(Caption-style text data)

○ ○ ○ ○ ○

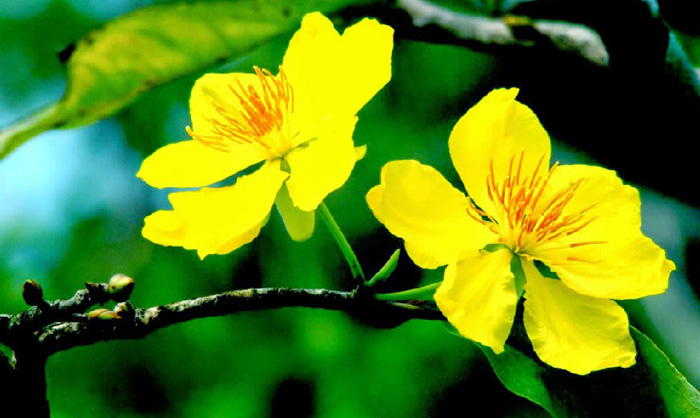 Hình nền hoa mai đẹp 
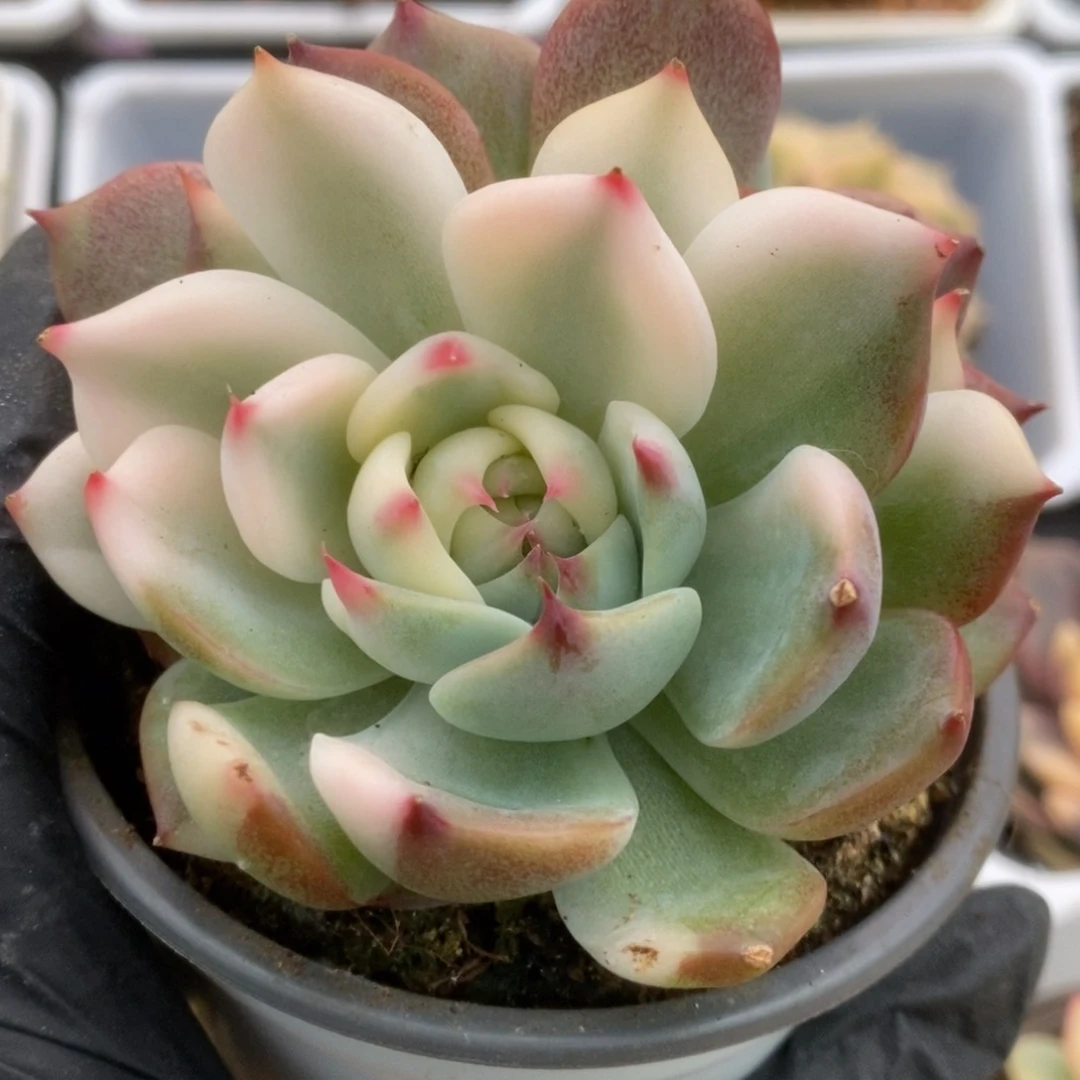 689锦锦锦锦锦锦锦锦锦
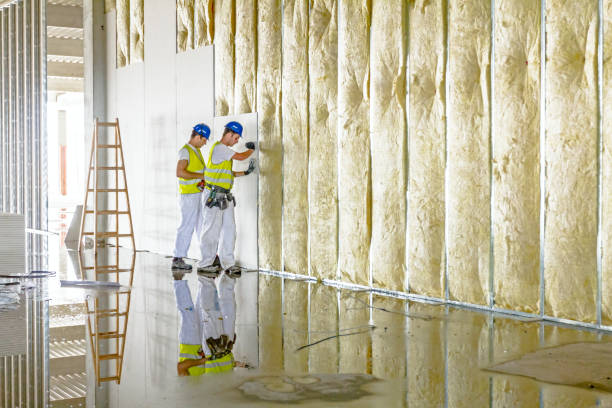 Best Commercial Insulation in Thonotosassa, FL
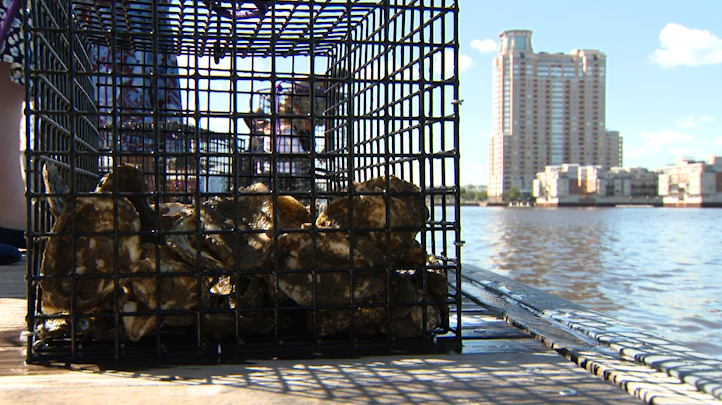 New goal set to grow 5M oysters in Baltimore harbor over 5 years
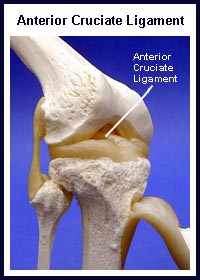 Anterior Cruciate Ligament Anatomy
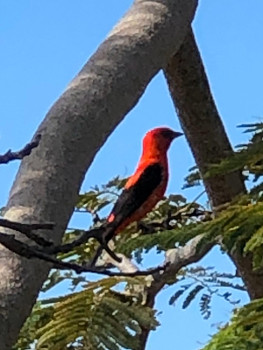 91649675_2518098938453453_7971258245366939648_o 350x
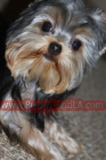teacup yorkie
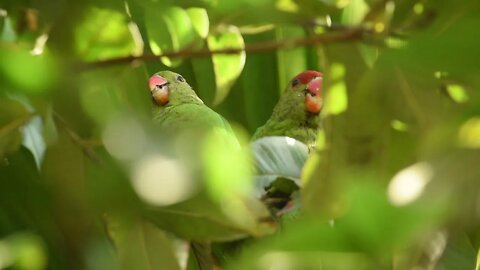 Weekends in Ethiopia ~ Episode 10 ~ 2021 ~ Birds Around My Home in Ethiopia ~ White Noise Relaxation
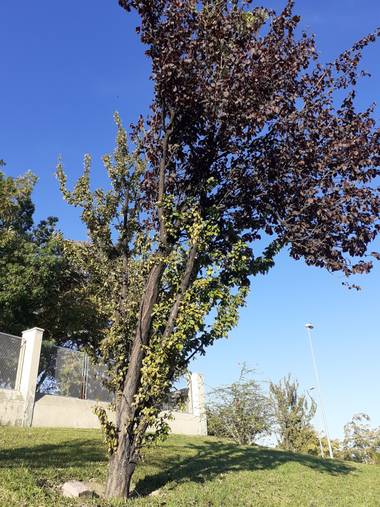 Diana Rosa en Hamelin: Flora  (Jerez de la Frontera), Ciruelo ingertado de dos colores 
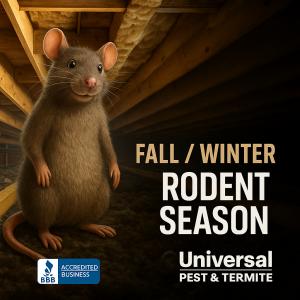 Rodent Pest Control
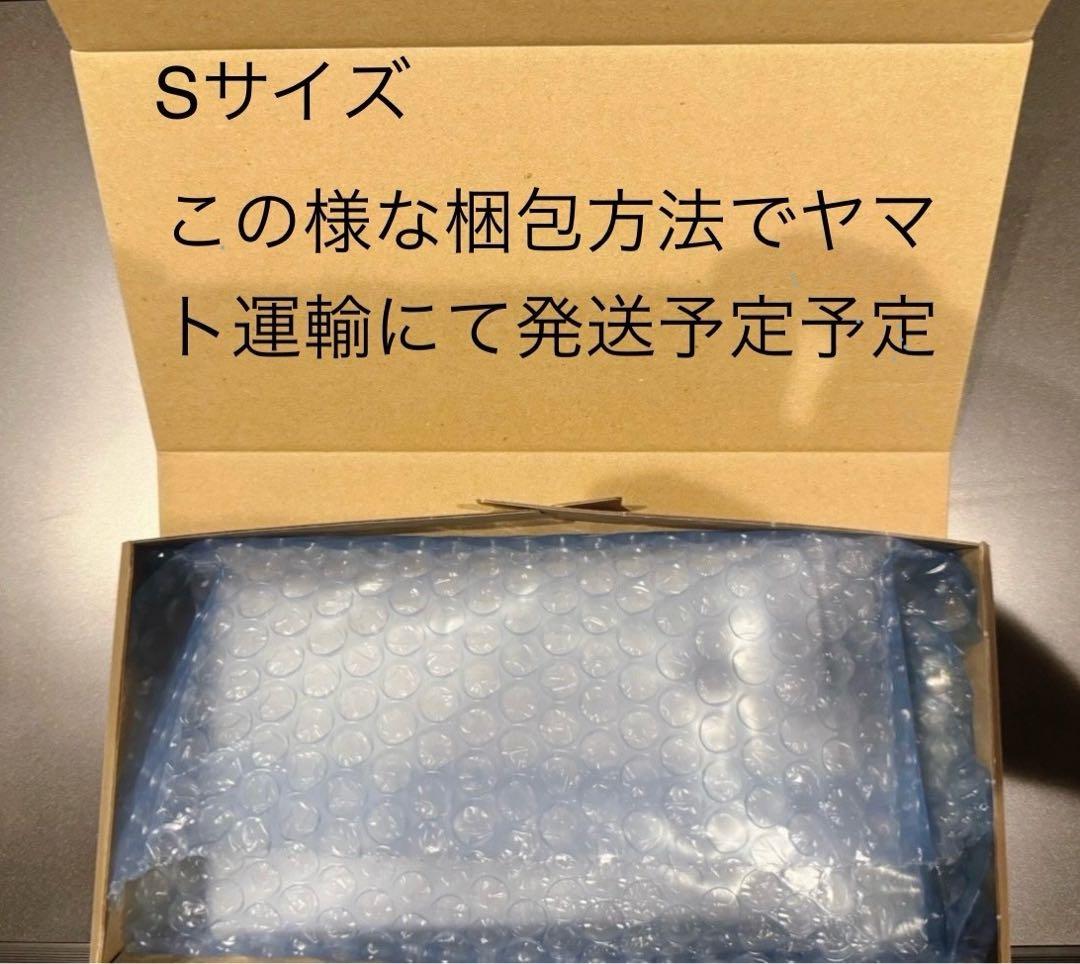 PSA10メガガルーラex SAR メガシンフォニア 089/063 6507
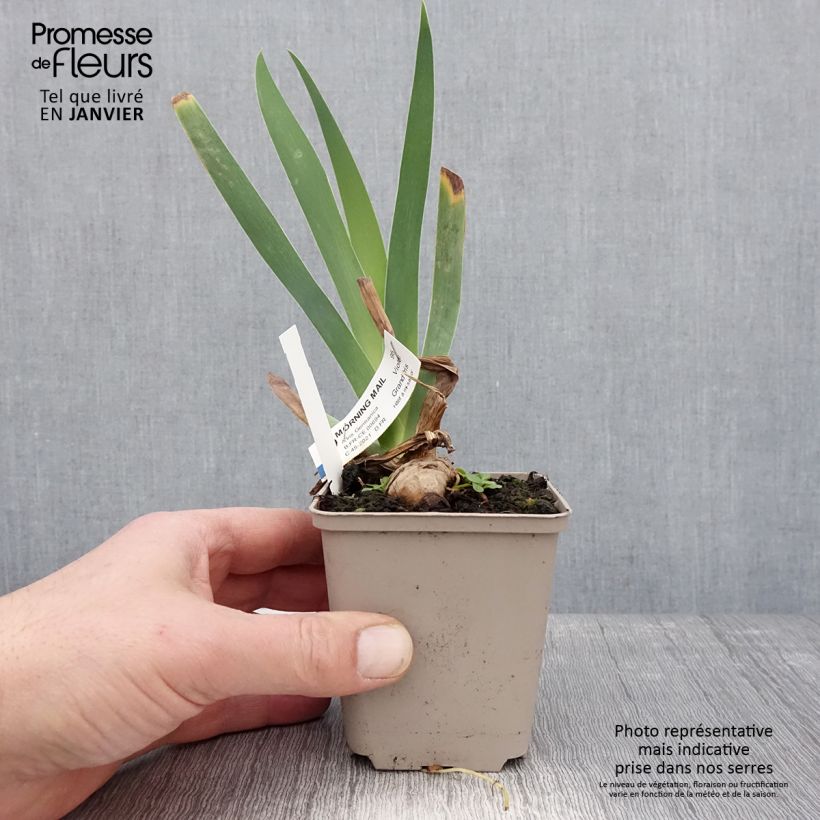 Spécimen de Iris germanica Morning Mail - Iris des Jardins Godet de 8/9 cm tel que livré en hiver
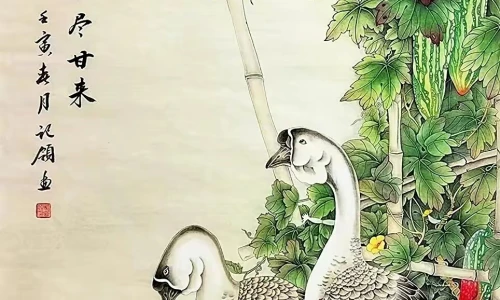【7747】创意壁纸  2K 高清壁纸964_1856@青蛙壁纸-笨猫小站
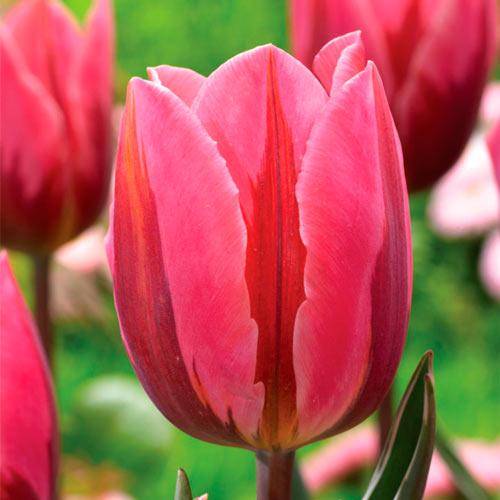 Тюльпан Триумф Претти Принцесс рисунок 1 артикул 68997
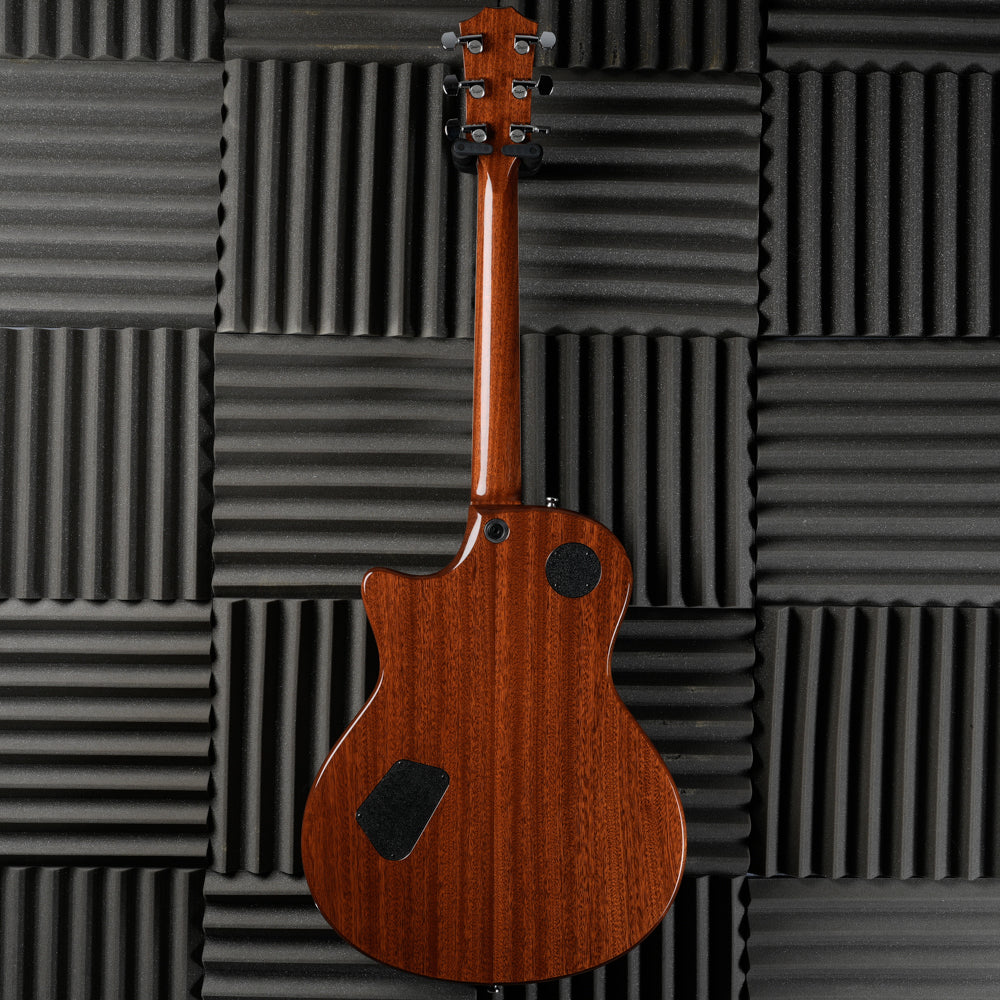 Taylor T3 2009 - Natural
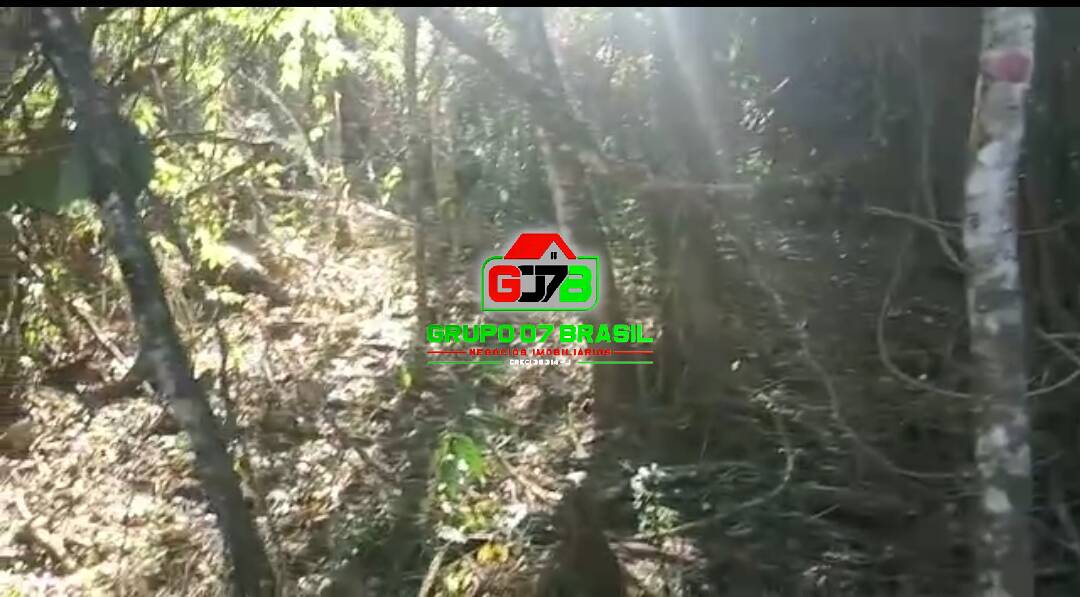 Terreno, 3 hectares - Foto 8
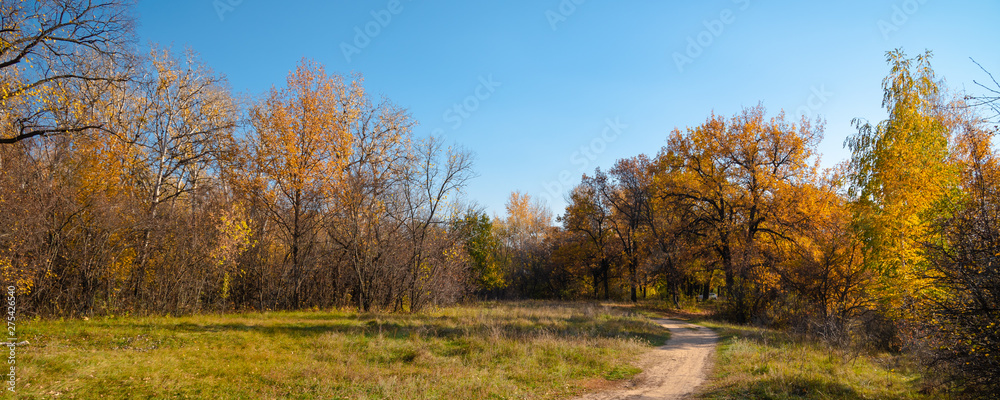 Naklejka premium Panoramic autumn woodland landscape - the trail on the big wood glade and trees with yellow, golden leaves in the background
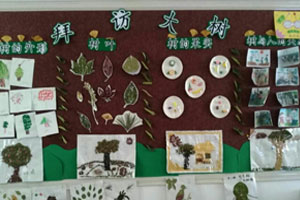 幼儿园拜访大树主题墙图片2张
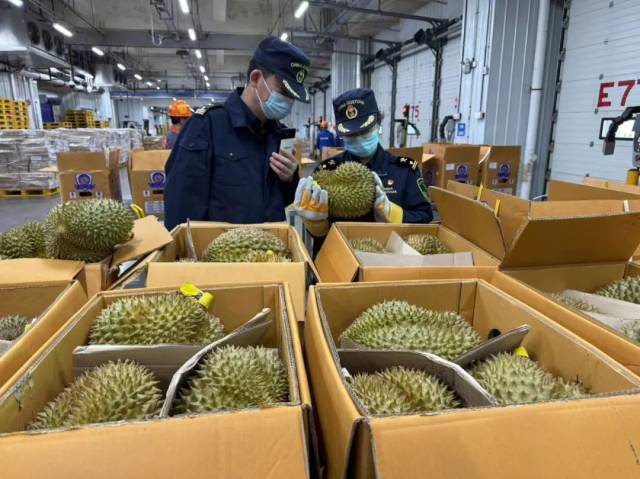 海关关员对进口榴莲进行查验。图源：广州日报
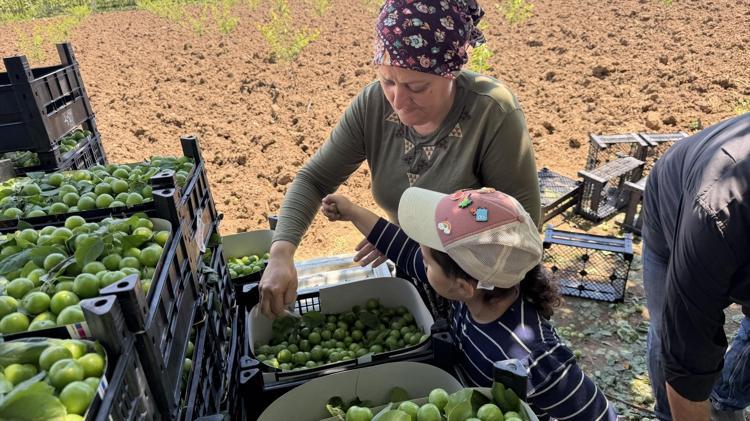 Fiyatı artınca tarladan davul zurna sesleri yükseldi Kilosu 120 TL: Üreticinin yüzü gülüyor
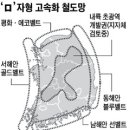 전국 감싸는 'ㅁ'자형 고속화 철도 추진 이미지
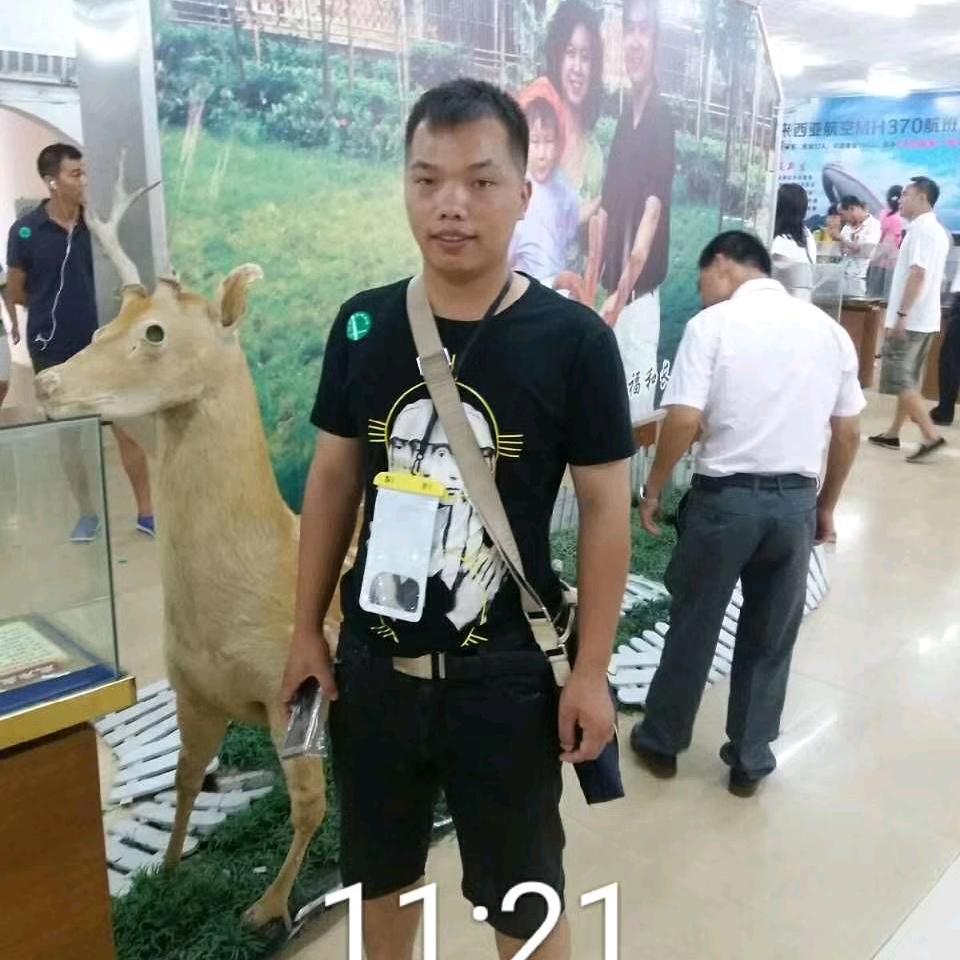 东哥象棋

○ ○ ○ ○ ○

▶ [EXERCISE AIM]: Repeat word for word the lines above, from the first entry through the line containing "teacup yorkie", with both ends kept and the pictures dropped.

▶ [REPLY TO THE TASK]:
 Hình nền hoa mai đẹp 
 689锦锦锦锦锦锦锦锦锦
 Best Commercial Insulation in Thonotosassa, FL
 New goal set to grow 5M oysters in Baltimore harbor over 5 years
 Anterior Cruciate Ligament Anatomy
 91649675_2518098938453453_7971258245366939648_o 350x
teacup yorkie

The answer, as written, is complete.